Muchos historiadores, entre ellos el pensador estadounidense Eric Forner, piensan que la actualidad condiciona nuestra visión de la historia. También se puede decir que el pasado refleja no poco de sus huellas en el presente. ¿Qué argentino puede olvidar la hiperinflación cuando analiza las distintas alternativas económicas? Lo mismo ocurre con los varios quiebres constitucionales y, especialmente, con la última dictadura militar. Cada hecho político es juzgado por sus méritos pero también por su relación con dichas tragedias. Esencialmente es lo que sucede con el debate sobre si "deben irse todos".

Esa consigna que comenzó a expresarse con un repudio bastante masivo en las elecciones de octubre de 2000 y alcanzó su máxima expresión durante las renuncias de De la Rúa y Rodríguez Saá, hoy es contrarrestada por muchos políticos, periodistas e intelectuales que ven en la demanda un sesgo antidemocrático.

Con algo de razón afirman, como dijo el diario La Nación, que "nada más peligroso y disolvente para el destino de una sociedad que esa irresponsable tendencia a demonizar a todo un segmento de la vida social por el hecho de que algunos de sus integrantes hayan faltado a su responsabilidad". Indudablemente sería totalitario si la sociedad se ensañara con una profesión o una institución así como sería inadmisible que busque la razón de sus problemas en una minoría étnica o religiosa.

Pero eso no es lo que ocurre en la Argentina. Y lo que sí es inadmisible es que se utilice una historia llena de catástrofes para desarticular la indignación popular e intentar, en nombre de la democracia, proteger a corruptos, violentos e ineptos.

Justamente no es la gente común la que pide que se vayan todos, los que se benefician con los inescrupulosos. Por el contrario, son sus víctimas. Serían los primeros en querer que se queden los muchos honestos si sólo pudieran identificarlos tal como lo intentan en cada elección.

Los militares, por ejemplo, no fueron todos culpables de violar los derechos humanos pero ninguno se presentó a declarar contra sus compañeros que asesinaron, violaron y robaron bebés. Más aún, utilizaron su fuerza corporativa para evitar el accionar de la Justicia.

Los jueces no son todos corruptos. Pero ninguno se ha preocupado por aislar a los deshonestos. A los que no "saben" escribir exhortos, a los que dilatan las investigaciones sobre sus padrinos políticos, a los que venden sus fallos. No toda la Corte Suprema será culpable de las acusaciones de la Comisión de Juicio Político pero es evidente que con sus últimas sentencias ha forzado al oficialismo a intentar evitar que se los juzgue, y si corresponde, se sancione a los culpables.

Los sindicalistas no son todos corruptos. Pero ninguno de ellos ha intentado terminar con los negociados sindicales cuyas principales víctimas son los propios trabajadores.

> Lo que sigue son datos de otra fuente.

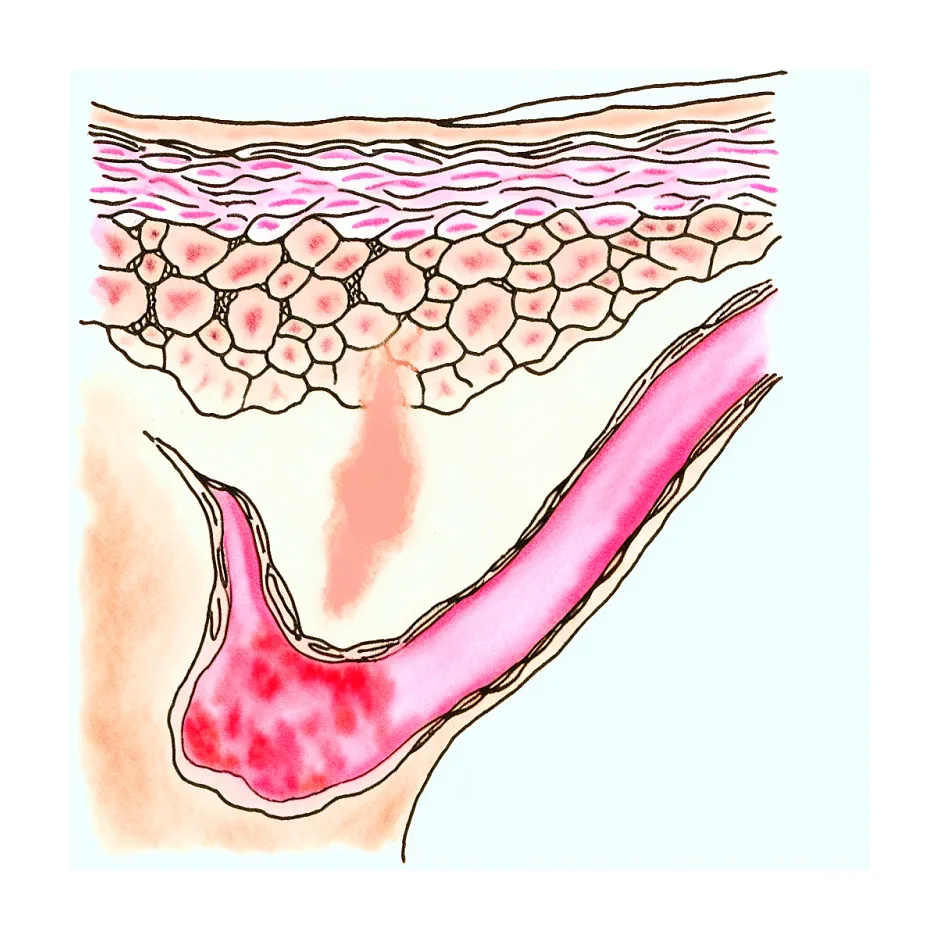 لک پوستی زیربغل مادر؛ آیا نگران‌کننده است؟
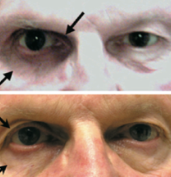 Fig 16: Patient on bimatoprost OD (top) and 6 months after discontinuation (bottom). Courtesy of Filippopoulos et al.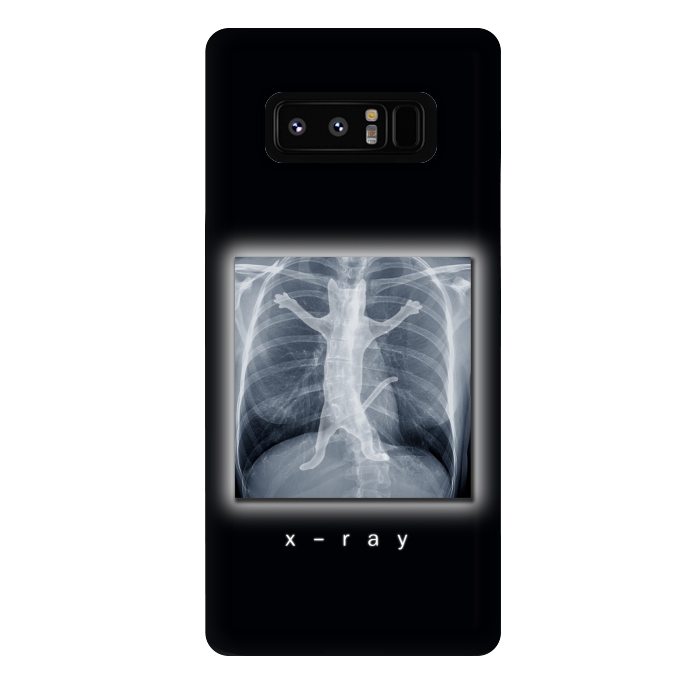 Galaxy Note 8 StrongFit X-Ray by Tummeow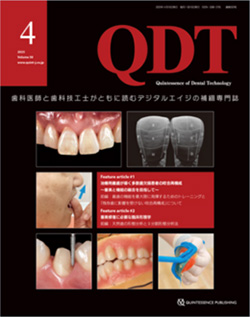 QDT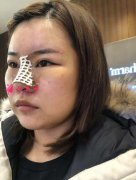 上海九院整形科怎么樣？附隆鼻恢復(fù)真實(shí)效果圖分享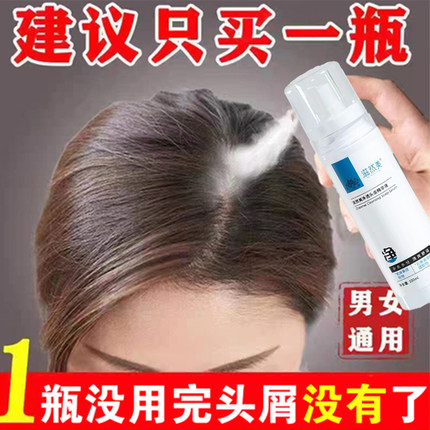 头皮干燥起皮补水喷雾毛囊深层清洁护理营养液去油屑保湿滋养精华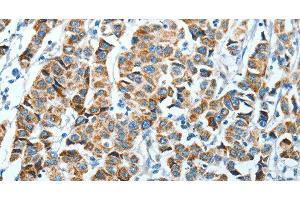 Immunohistochemistry of paraffin-embedded Human breast cancer using ALDH4A1 Polyclonal Antibody at dilution of 1:45 (ALDH4A1 Antikörper)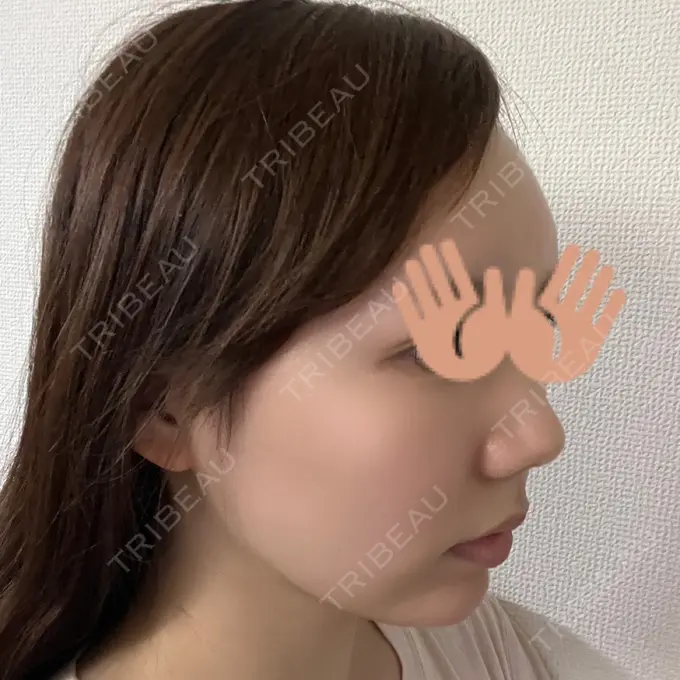 あごプロテーゼ WOM CLINIC GINZA （ワム クリニック ギンザ） DAY 63 メイン用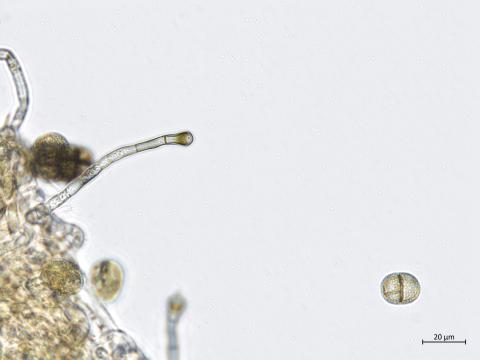 Stemphylium_sp_6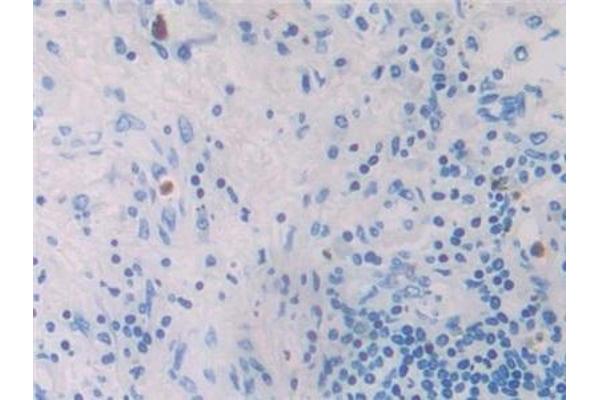 CCL26 antibody  (AA 24-94)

La democracia sindical cae derrotada ante la suntuosa vida de sindicalistas fotografiados en el Caribe, cuyos mandatos siempre son renovados.

La policía no es toda violenta. Pero nadie, dentro de la fuerza, muestra algún interés en separar a los uniformados que han transformado la institución en una organización mafiosa.

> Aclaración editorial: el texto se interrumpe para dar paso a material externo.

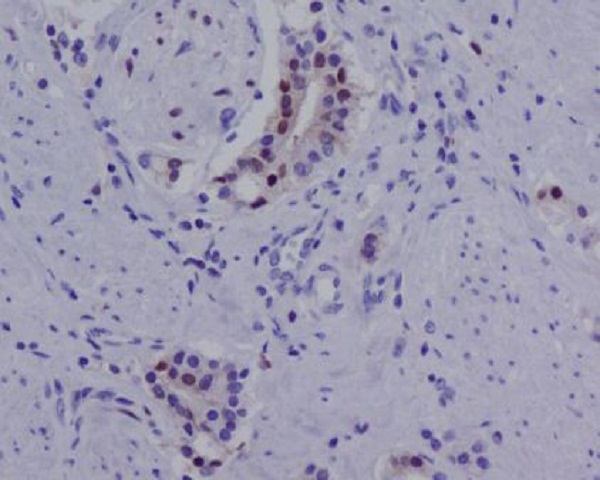 2 - Anti-Androgen Receptor (AR-V7 specific) Rabbit Monoclonal Antibody ABO14327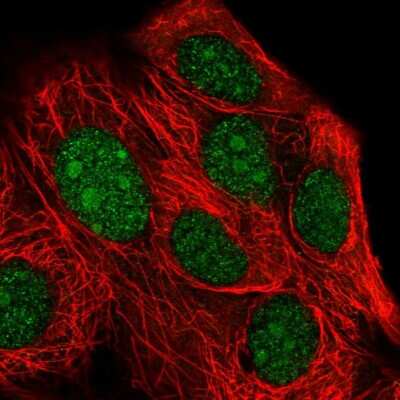 Immunocytochemistry/ Immunofluorescence: XRN2 Antibody [NBP2-54940]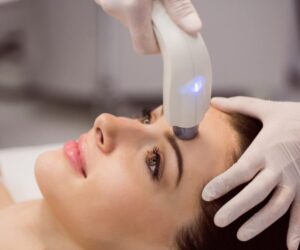 laser hair removal laval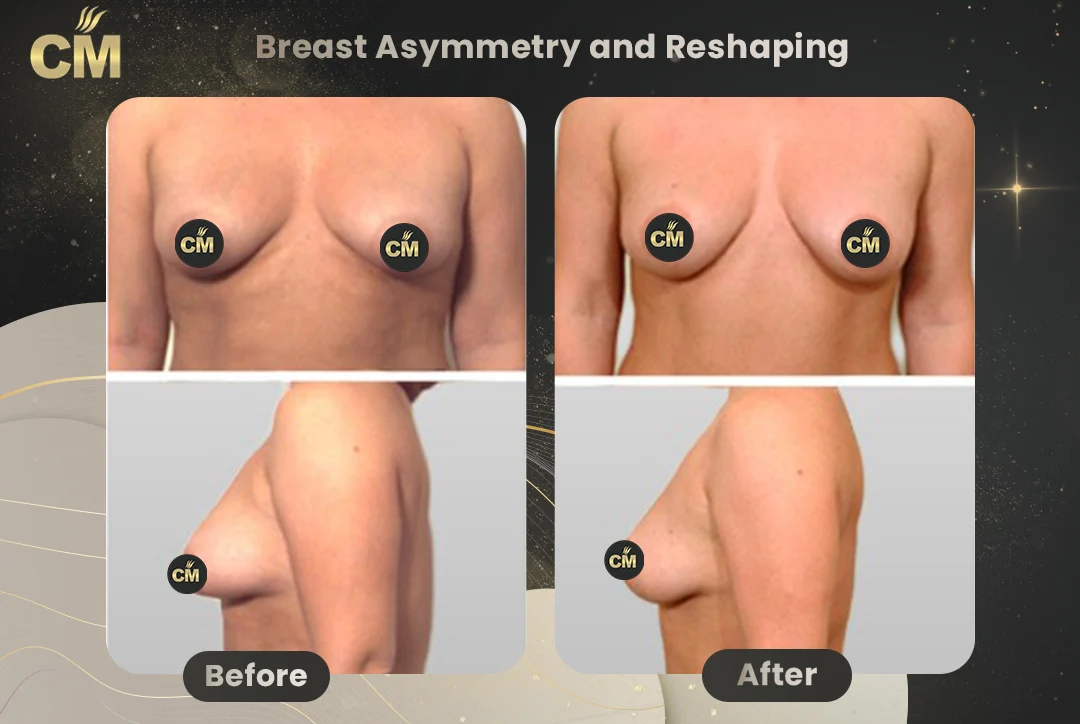 Breast Asymmetry and Reshaping Before After-2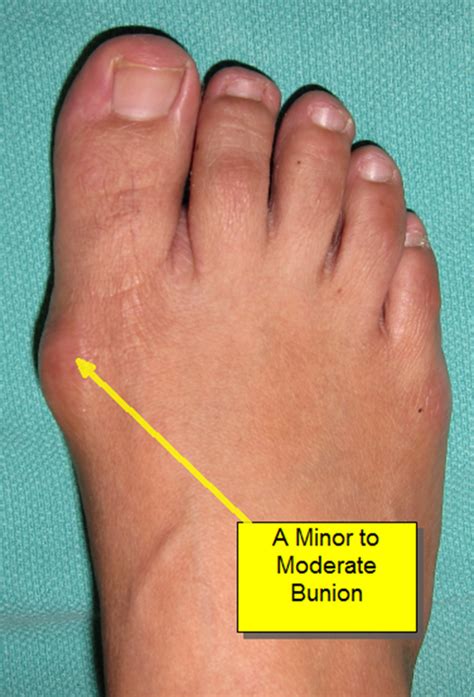 Bunion Surgery Before And After Pictures Best Podiatrist Nyc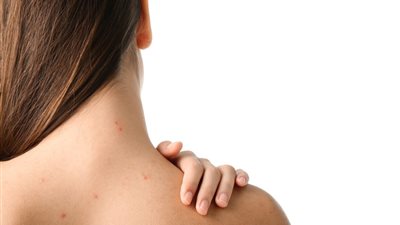 خلطات طبيعية فعالة لعلاج حب الشباب في الظهر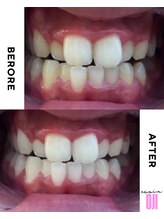 エクシアホワイトニング 王寺店/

Los políticos no son todos deshonestos. Pero a pesar de que todos los candidatos desde concejal a presidente basan sus campañas en la lucha contra la corrupción jamás la han encarado con la seriedad requerida. ¿Puede la sociedad creer que los candidatos Menem, Rodríguez Saá, De la Sota, Terragno, Kirchner o Moreau no puedan identificar casos de corrupción que envuelvan a sus colegas?

Cuando la gente grita "que se vayan todos" no lo hace imbuida de autoritarismo, es la manera de expresar un cansancio moral frente a la inmensa mayoría de funcionarios honestos que ha preferido bajar los ojos y aceptar convivir con los corruptos, deshonestos y asesinos antes que cumplir con el mandato de sus electores.

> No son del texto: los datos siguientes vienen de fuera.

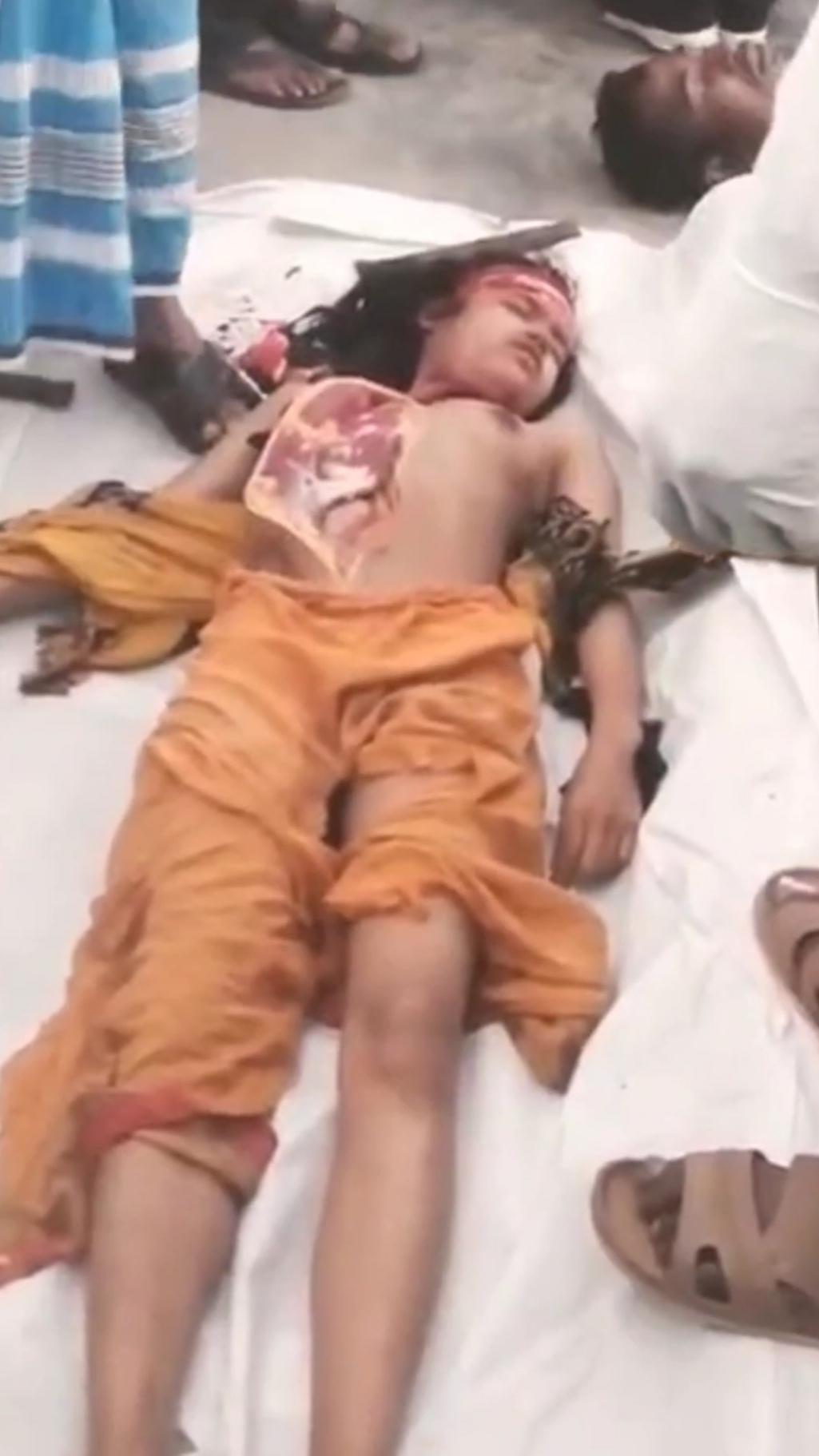 有点残忍血腥高中女孩被奸杀现场解剖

Ciertamente es peligroso que la sociedad pierda la convicción de que la política, y especialmente la democracia electoral, es el mejor camino para vivir en libertad. Los argentinos pagamos un precio muy alto por no haber sabido defender las instituciones, pero resulta muy cínico pretender ver en el mensajero del problema la causa de la desilusión.